Sunday, December 23, 2007

Charlie Wilson's War

Charlie Wilson's War combines a number of great talents into a winning piece of cinema. Mike Nichols' directing, Aaron Sorkin's writing, the talents of Tom Hanks, Philip Seymour Hoffman, and Julia Roberts, and the true story this is based all contribute greatly to the success of this piece.

The story is about Charlie Wilson (Hanks), a senator from Texas who teams up with Gust Avrakatos (Hoffman) a CIA operative, and Joanne Herring (Roberts) a Texas socialite to wage an almost single handed war on the Soviet army invading Afghanistan. The three of them manage to shape policy, direct money, and somehow orchestrate cooperation among half a dozen Middle Eastern countries- all while keeping everything under the radar. It's a brilliant study on the workings of congress, and had it not been a true story, it would have bordered on farce worthy of Dr. Strangelove.

Tom Hanks is, of course, always amazing. That goes without saying. Julia Roberts plays pretty typical Julia Roberts, and I didn't find myself having much empathy with her character. Hoffman is fast proving himself to one of the great actors, and his cynical, yet zen-like role here is evidence of that. Finally, Amy Adams is cast as Wilson's assistant, Bonnie. This was a small role, but she functioned rather well as a foil to Wilson's outlandish behavior.
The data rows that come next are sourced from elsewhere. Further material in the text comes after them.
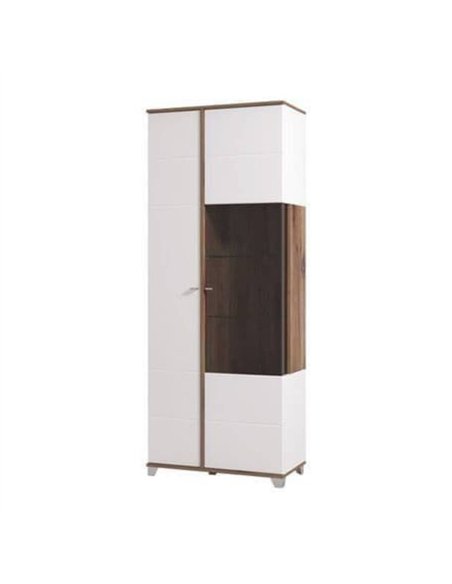 Merlot White High Gloss And Oak Effect Display Cabinet, 3441 - pic 115205 | FastDaddyshop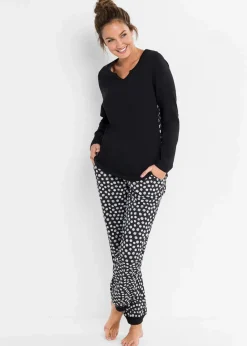 bonprix Wäsche·Nachtwäsche|Nachhaltigere Materialien|Pyjama aus reiner Bio-Baumwolle schwarz/weiß gemustert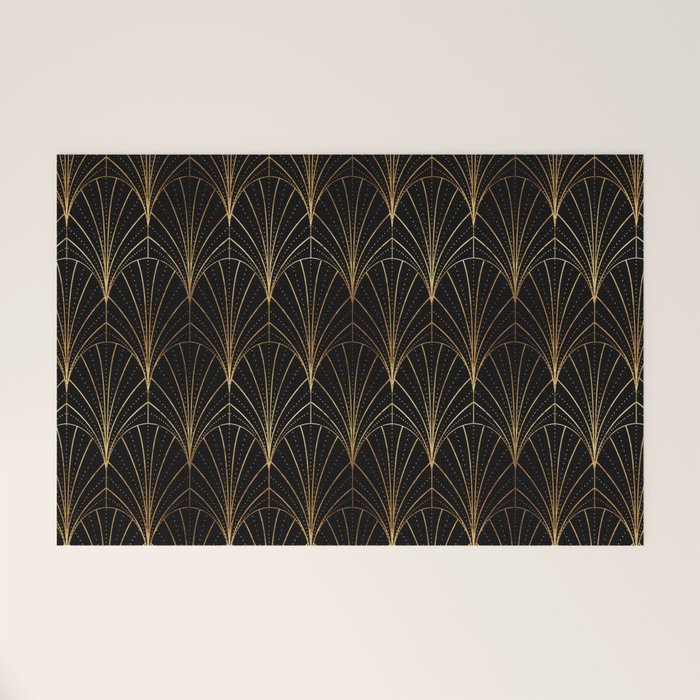 Art Deco Waterfalls // Black Luxe Welcome Mat Gallery Image 1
It's his staff that keeps his political career alive.

I honestly can't believe Sorkin and Nichols hadn't worked together before. Nichols directed such political gems as Wag the Dog, and Catch-22. Sorkin is of course the mind behind the West Wing television series. They both brought to the table wonderful wit, while still commenting on a rather dark topic. It was very interesting seeing one representation of how Congress may have worked (and may still work). In the movie, it's all about favors, and Wilson was owed more favors than anyone. Votes are not determined necessarily by the issues themselves, but by whoever is willing to return a favor.

The movie had even more poignancy now than if it had been made several years ago, given the current hostilities towards America in the region. On top of the studies in character and Congress itself, Charlie Wilson's war is an interesting study in repercussions. What seems bad at first may turn out for the best, and what seems to be very good, may not be in the end. "We'll see."